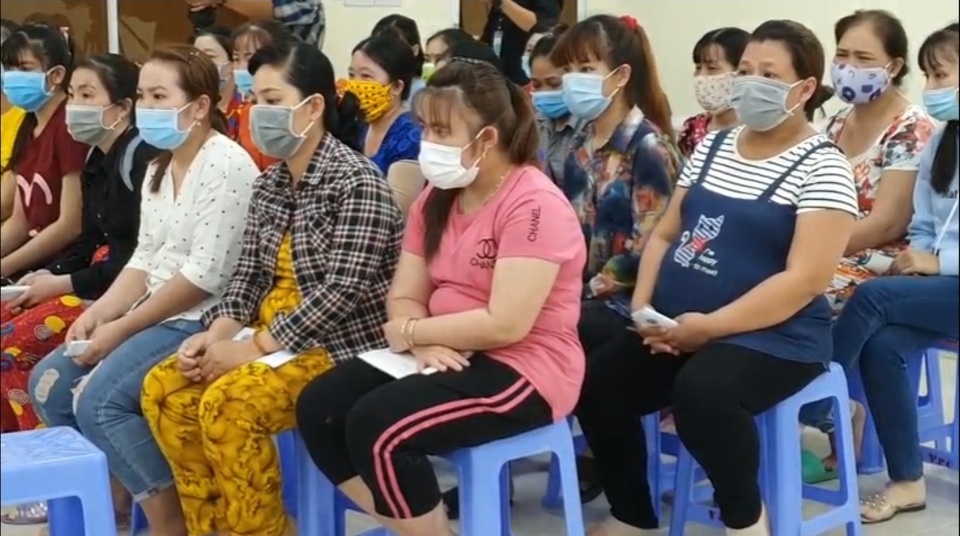 Do dịch Covid-19, LĐLĐ Bạc Liêu xuống tận nhà máy trao quà Tết công nhân - 3 Do dịch Covid-19, LĐLĐ Bạc Liêu xuống tận nhà máy trao quà Tết công nhân - 3
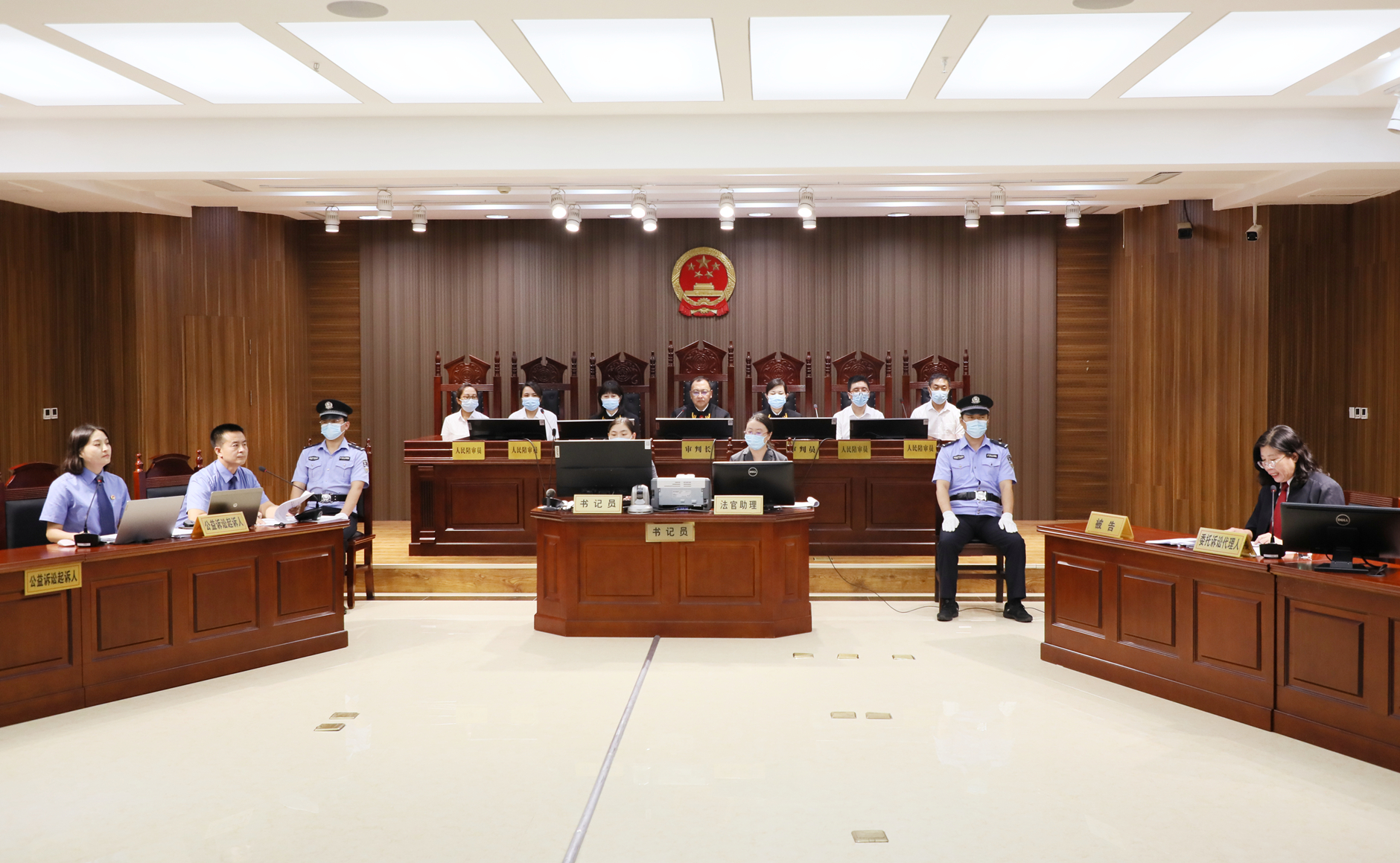 最高检与中消协联合发布消费者权益保护公益诉讼典型案例 聚焦食药安全和老年人等重点群体权益保护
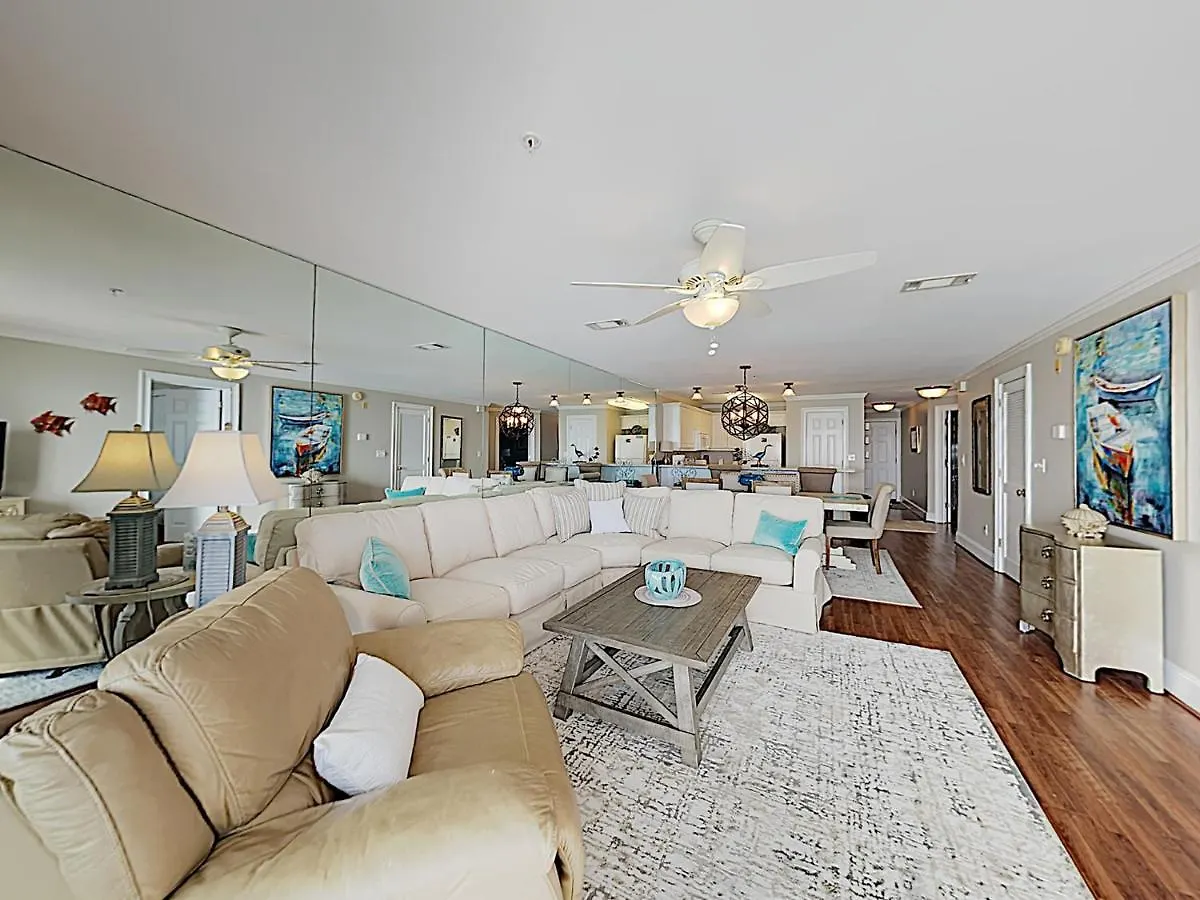 Beautiful In With Outdoor Swimming Pool And 3 Bedrooms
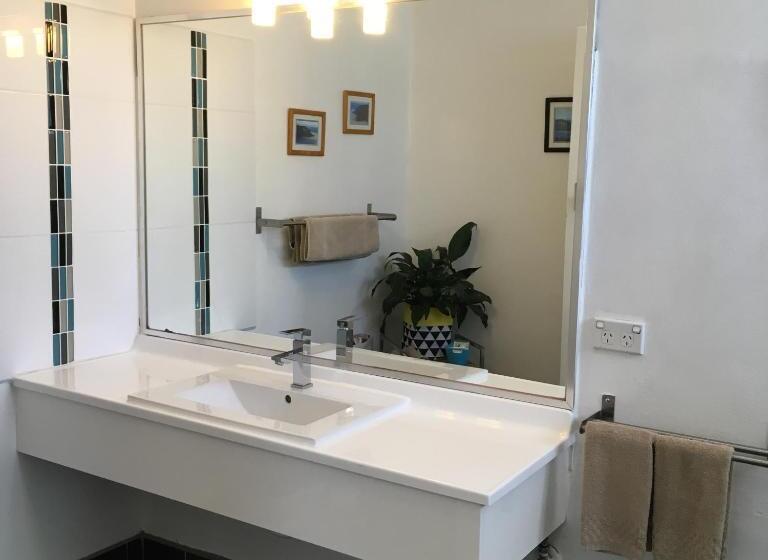 חדר דלוקס, Sky Rider Motor Inn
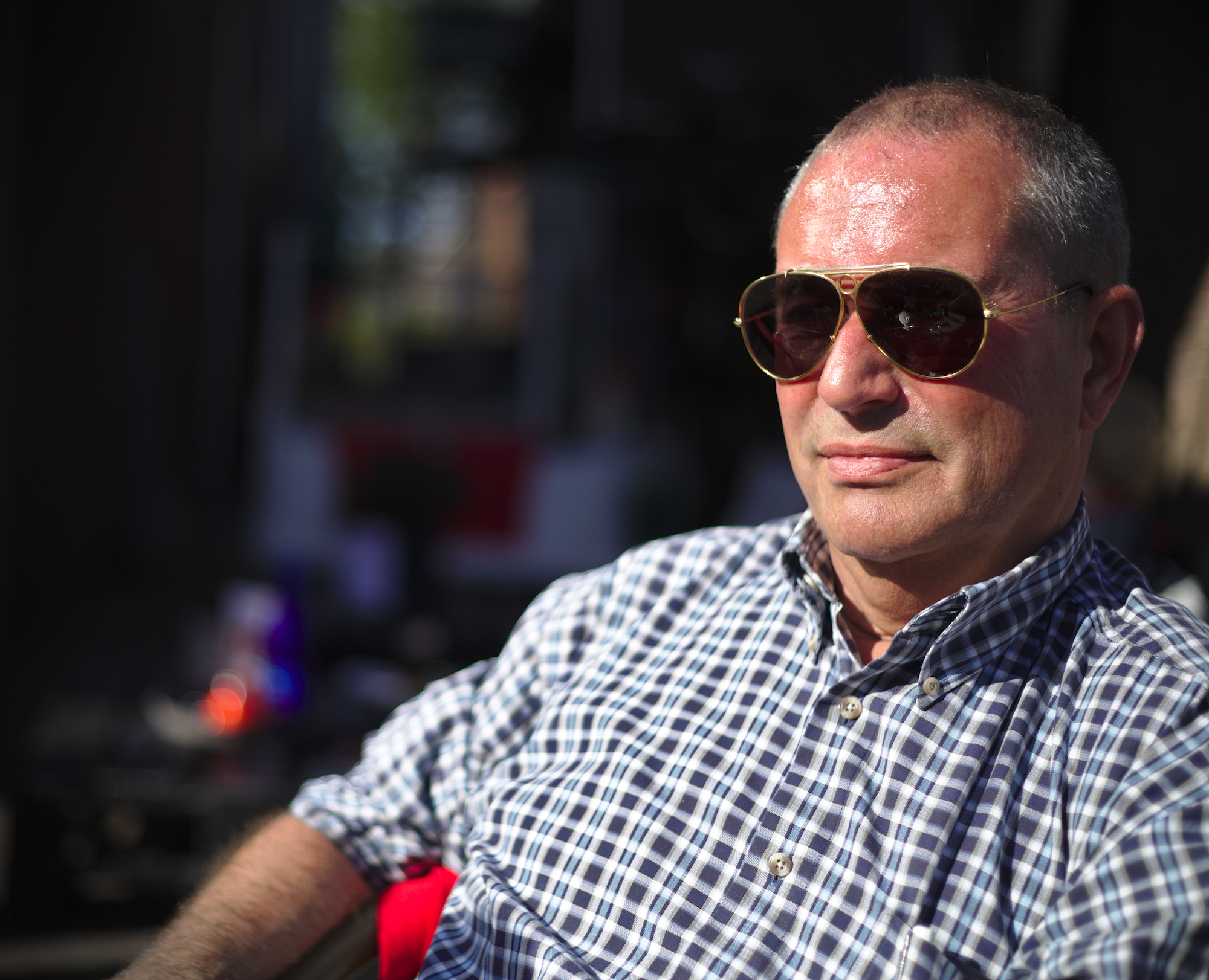 Din far med solbriller på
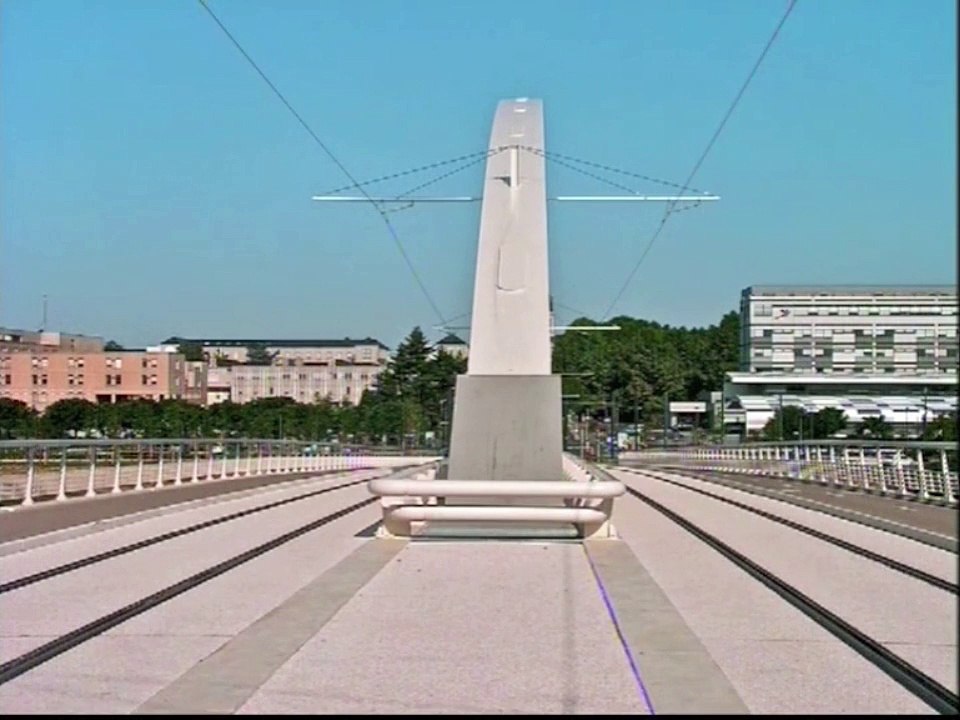 le nouveau pont d'Angers 49100 -  720p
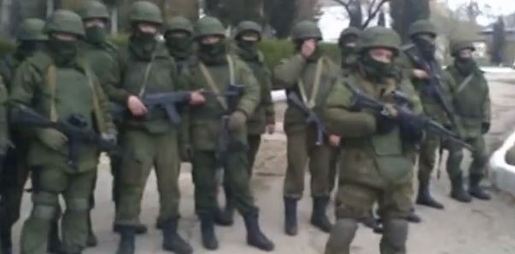 Українські офіцери не дали російському спецназу вивезти зброю з військової частини (ВІДЕО)
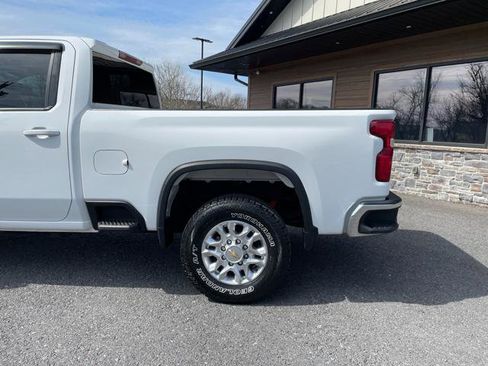 Used 2021 Chevrolet Silverado 2500 LT w/ Z71 Off-Road Package image 4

┄┄┄┄┄┄┄┄┄┄┄┄┄┄┄┄┄┄┄┄

INSTRUCTIONS TO FOLLOW: Starting at the line that contains "חדר דלוקס, Sky Rider Motor Inn", please write out each line through the last line of the data, both ends included, and keep pictures out of the copy.

RESULT OF THIS EXERCISE:
 חדר דלוקס, Sky Rider Motor Inn
 Din far med solbriller på
 le nouveau pont d'Angers 49100 -  720p
 Українські офіцери не дали російському спецназу вивезти зброю з військової частини (ВІДЕО)
 Used 2021 Chevrolet Silverado 2500 LT w/ Z71 Off-Road Package image 4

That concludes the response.